È stato proprio il nostro giornale a inizio anno a portare a galla quelli che, in circa un ventennio (con segnalazione ai fori giudiziari nel corso del 2021), sono stati indicati, da diverse testimonianze, come gravi episodi di molestie e mobbing da parte di un esponente dell’associazione per ciechi e ipovedenti della Svizzera italiana. Così, quella carezza sulla coscia si è via via trasformata in qualcosa di ancor più grave: conflitti di interesse, concentrazione ingiustificata di ruoli e competenze, carenze nella gestione e un rapporto di fiducia minato. Il tutto avvalorato non solo da testimonianze dirette di soci, utenti, volontari e collaboratori, ma da un audit esterno, e dunque indipendente, voluto dal Consiglio di Stato, autorità politica che elargisce a Unitas sussidi cantonali, e quindi soldi pubblici, per due milioni di franchi.

C’è, dunque, chi ha sbagliato e chi, per il tramite della Divisione dell’azione sociale e delle famiglie, è stato richiamato a mettere in atto una serie di provvedimenti al fine di ‘aggiornare’ al meglio l’organizzazione. Tutto risolto? Non ci pare. Peccato, infatti, che non si tenga conto, ancora una volta, delle vittime e di coloro chiamati ‘a rapporto’. Le prime, come annotato sull’edizione di mercoledì de ‘laRegione’ dal criminologo Michel Venturelli, rischiano di diventare "un concetto a geometria variabile", e perciò vittime due volte; i secondi, invece, si salvano in corner, sottoponendosi, con una faccia di bronzo fuori dal comune, a una timida tiratina d’orecchi.

Eppure, l’etica e la giustizia ci porterebbero a dire che non funziona, e non dovrebbe funzionare così. Sbagli? Veloce esame di coscienza, chiedi scusa e paghi. E se sei davvero corretto (e non un opportunista) fai anche un passo indietro, ritornando al tuo posto solo se il consesso che ti ha denunciato e criticato te lo permette. Altrimenti è meglio per tutti cambiare aria.

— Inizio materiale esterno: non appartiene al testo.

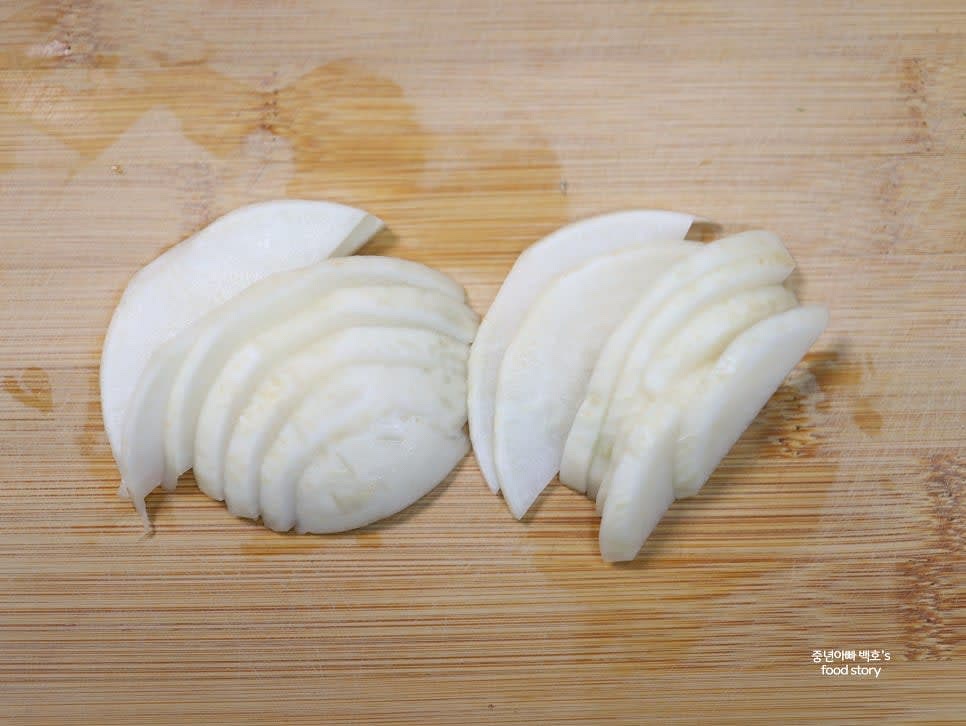 무를 채 썰거나 반달 모양으로 얇게 썰어 준비합니다.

Torniamo allora all’audit che ha confermato svariate criticità presenti in Unitas, tutte peraltro rese note anche dalla nostra testata. Il minimo che ci si aspetti sono le dimissioni del comitato (fra cui alcuni nomi erano già presenti in passato) e dei membri delle due fondazioni consorelle. Un tirarsi da parte che non è però venuto – né a bubbone scoppiato né all’inizio della valutazione curata dall’avvocato Raffaella Martinelli Peter – seppur sollecitato da più parti, internamente ed esternamente all’associazione, e che non pare, e sta qui la gravità del gesto, all’ordine del giorno neppure oggi che su queste persone pesa ufficialmente un rapporto di ‘condanna’ chiaro e competente.

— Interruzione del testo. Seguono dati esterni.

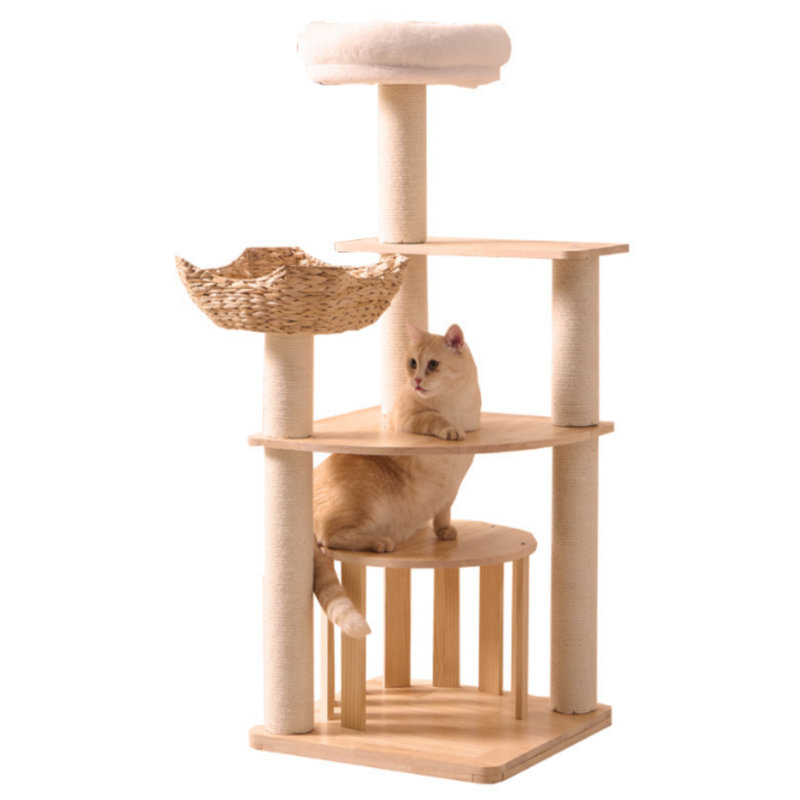 Un arbre à chat luxueux et sophistiqué, fabriqué en bois massif robuste et durable, avec des plateformes à plusieurs niveaux avec des lits intégrés pour satisfaire les instincts d'escalade naturels d'un chat.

Con quali conclusioni? La conferma – citiamo – della presenza di criticità di natura formale e organizzativa, con particolare riferimento ai ruoli, alla vigilanza interna, alla gestione delle segnalazioni e al flusso di informazioni. E quindi che si fa? Non certo permettersi la leggerezza di lasciare al suo posto chi avrebbe dovuto vigilare. Ma, finalmente, aprire gli occhi. Perché giammai vorremmo una giustizia cieca. Ci basta che sia imparziale.